◆ How to complete this task ◆
Transcribe the full listing exactly, and drop every picture.

Given material section start

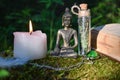 Close-up. A ritual with candles and an old book in the forest. Divination, astrology and esotericism Royalty Free Stock Photo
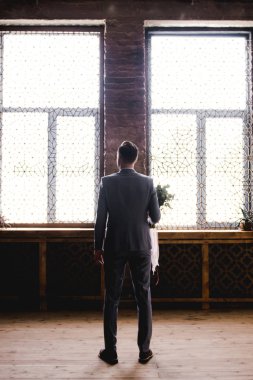 Damat gri takım elbiseli gelini bekliyor. Damat buket tutan ve gelin bekliyor. Düğün günü. Damat büyük bir pencerenin yanında duruyor.
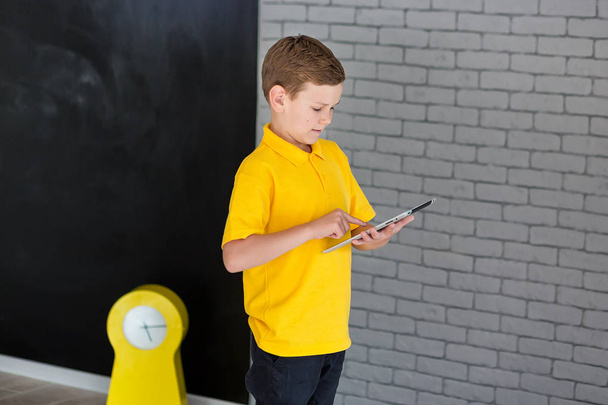 Cute handsome school boy in yellow t-shirt tie and stylish boots casuals standing cloase to black board with numbers and holding tablet and smiling - Photo, Image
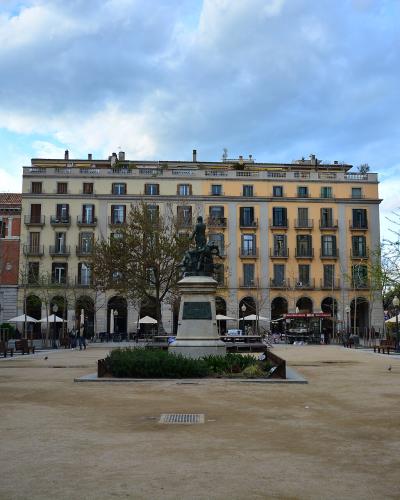 A wide, open public square with a central equestrian statue on a stone pedestal, surrounded by multi-story buildings with arched ground-floor arcades and balconies, under a cloudy sky.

Given material section end

◆ Reply to the task ◆
 Close-up. A ritual with candles and an old book in the forest. Divination, astrology and esotericism Royalty Free Stock Photo
 Damat gri takım elbiseli gelini bekliyor. Damat buket tutan ve gelin bekliyor. Düğün günü. Damat büyük bir pencerenin yanında duruyor.
 Cute handsome school boy in yellow t-shirt tie and stylish boots casuals standing cloase to black board with numbers and holding tablet and smiling - Photo, Image
 A wide, open public square with a central equestrian statue on a stone pedestal, surrounded by multi-story buildings with arched ground-floor arcades and balconies, under a cloudy sky.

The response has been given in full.